Members examined Mr Jim Paice MP (Minister of State for Agriculture and Food, Defra), Mr David Howat (Director of Forestry Commission England], and Mr Robin Mortimer (Director of Climate Change Adaptation at Defra).

Some highlights:

  • The Public Bodies Bill is needed to enable sales of over 15% of the current estate.  Concerns were expressed that the reform of the Forestry Acts could extend beyond the public forest estate sell-off.
  • Forest Research, the scientific arm of the Forestry Commission, seems to be safe.
  • Several options will be offered in a public consultation early next year.  I wrote about this in my last post.
  • Public sector organisations were viewed as being more than capable or running the forest estate for the benefit of the public, and “some probably better than the Forestry Commission”.
  • Money from the sales will not be reinvested in forestry.
  • Grants may encourage management but changes in the tax regime may also be being considered.
  • On afforestation an interesting discussion on EU support revealed some lack of knowledge regarding opportunities for incentivising new planting in England. More Pillar II money could in the future be directed to forestry (currently 80% to the environment through agricultural schemes).
  • Afforestion is likely to be the future focus for the Forestry Commission in England, acting as an ‘enabling body’.

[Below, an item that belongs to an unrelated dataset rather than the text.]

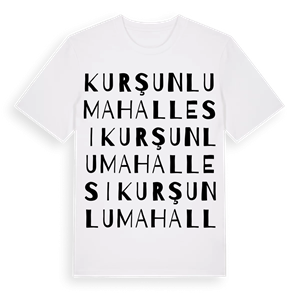 Kurşunlu Mahallesi ordlek t-shirt – ekologisk bomull t-shirt från Pinshirt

There is a lot of interesting information in the published minutes and I make no excuse for reproducing at some length below, some of the key quotes, questions and responses:

Mr Jim Paice MP: The Forestry Commission is in the Public Bodies Bill to provide us with the opportunities for changes which, I am more than happy to admit, are not fully formed in our minds.

Mr Jim Paice MP: I need to make it clear that we are not proposing to abolish the Forestry Commission or anything like that. Clearly, however, if we go down the road of significant disposals, that will have an impact in its establishment and how it goes about its work.

Mr Jim Paice MP: My overall vision is that, in England, the Commission should become much more an enabling body. …  I want to see a significant increase in forested area in England. I believe that, for all the public benefit reasons that we can come back to, that needs to happen. In order to achieve that, we need to focus the Commission much more on an enabling role and move it away from managing a significant part of the forest estate in England.

Mr Jim Paice MP: We do not have any hard and fast proposals about disposals at this stage. We will be publishing a consultation document in the early part of the new year, when we intend to lay out a range of options. We will by then probably have it down to one or two favoured options, but there will be a range. Obviously, the extremes are, at one end, the total sale of the Commission list as private forestry estate to some other body such as a charitable trust, or whatever. The other extreme is a piecemeal sale over a period of time to the highest bidder of individual parcels of woodland or forest.

The Earl of Caithness: One side of the Forestry Commission that is respected is the research side. What plans have you got for its future?
Mr Jim Paice MP: Its continuation. We have no plans to change it. Obviously, it will be part of the continuing structure of the Forestry Commission at this stage.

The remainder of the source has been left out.